Would you please retype, exactly, the lines of the listing below between the line with "RS - imagem" and the line with "Hitec RDX2 Mini", inclusive?

Source data:
>>>>>

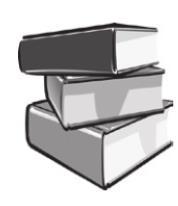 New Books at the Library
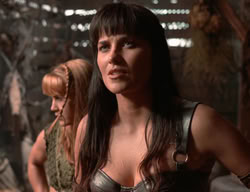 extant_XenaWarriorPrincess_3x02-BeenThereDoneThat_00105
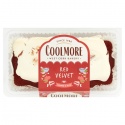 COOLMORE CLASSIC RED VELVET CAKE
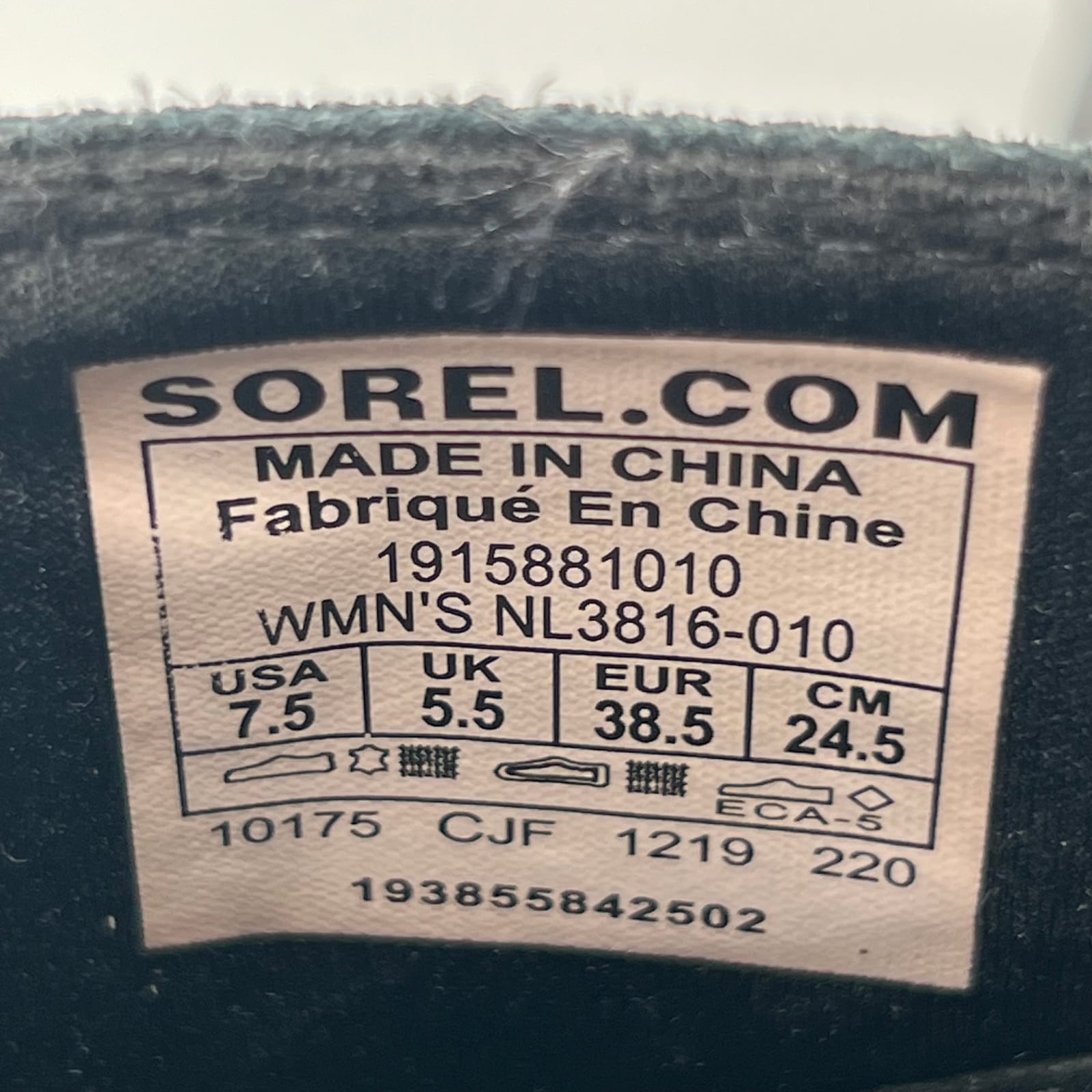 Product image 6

<<<<<
>>>>>

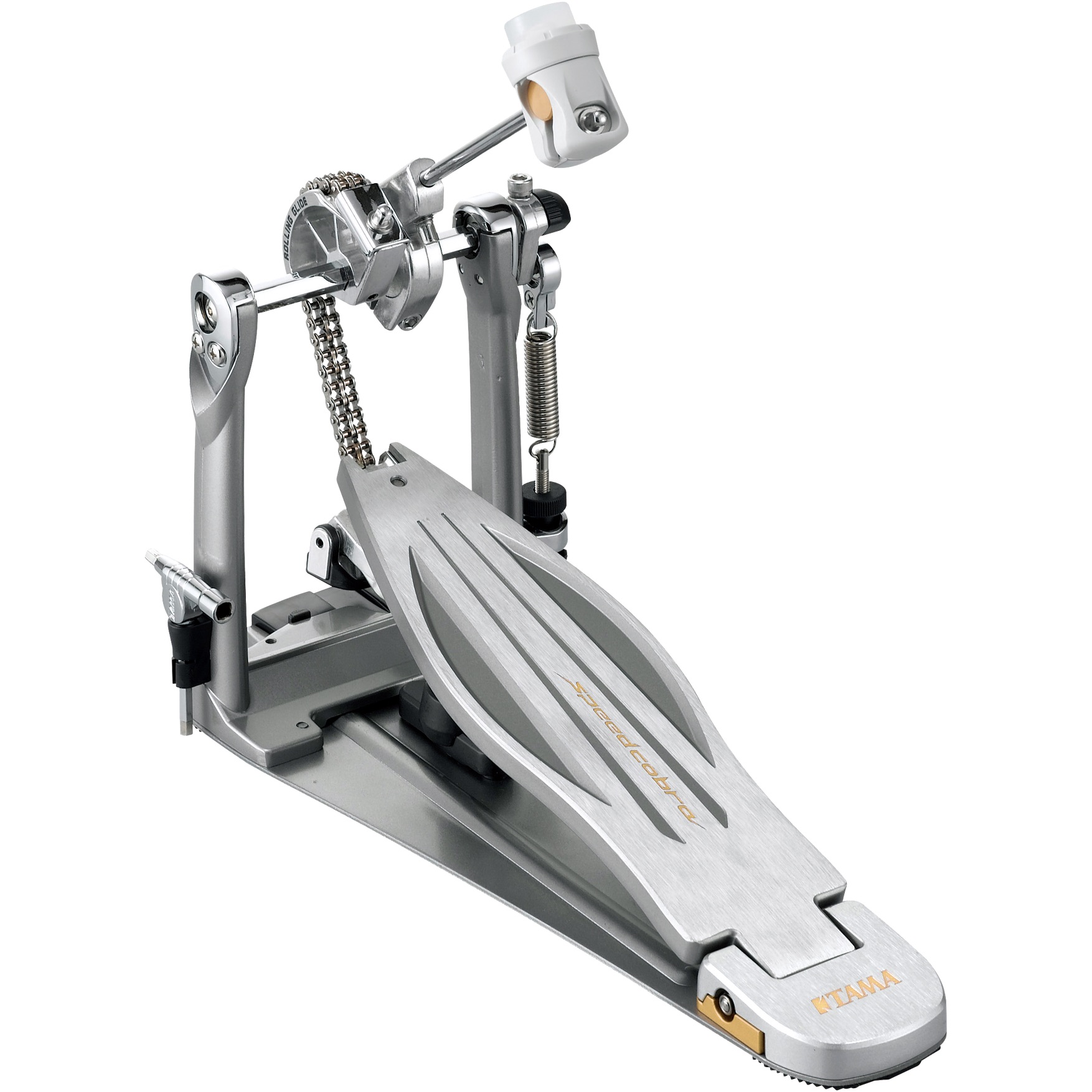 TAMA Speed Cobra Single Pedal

<<<<<
>>>>>

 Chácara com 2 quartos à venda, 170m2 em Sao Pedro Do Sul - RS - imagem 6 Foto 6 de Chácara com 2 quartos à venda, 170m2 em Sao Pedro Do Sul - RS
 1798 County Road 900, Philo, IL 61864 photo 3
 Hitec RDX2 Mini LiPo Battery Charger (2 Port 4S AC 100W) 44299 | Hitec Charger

<<<<<

Completed task:
 Chácara com 2 quartos à venda, 170m2 em Sao Pedro Do Sul - RS - imagem 6 Foto 6 de Chácara com 2 quartos à venda, 170m2 em Sao Pedro Do Sul - RS
 1798 County Road 900, Philo, IL 61864 photo 3
 Hitec RDX2 Mini LiPo Battery Charger (2 Port 4S AC 100W) 44299 | Hitec Charger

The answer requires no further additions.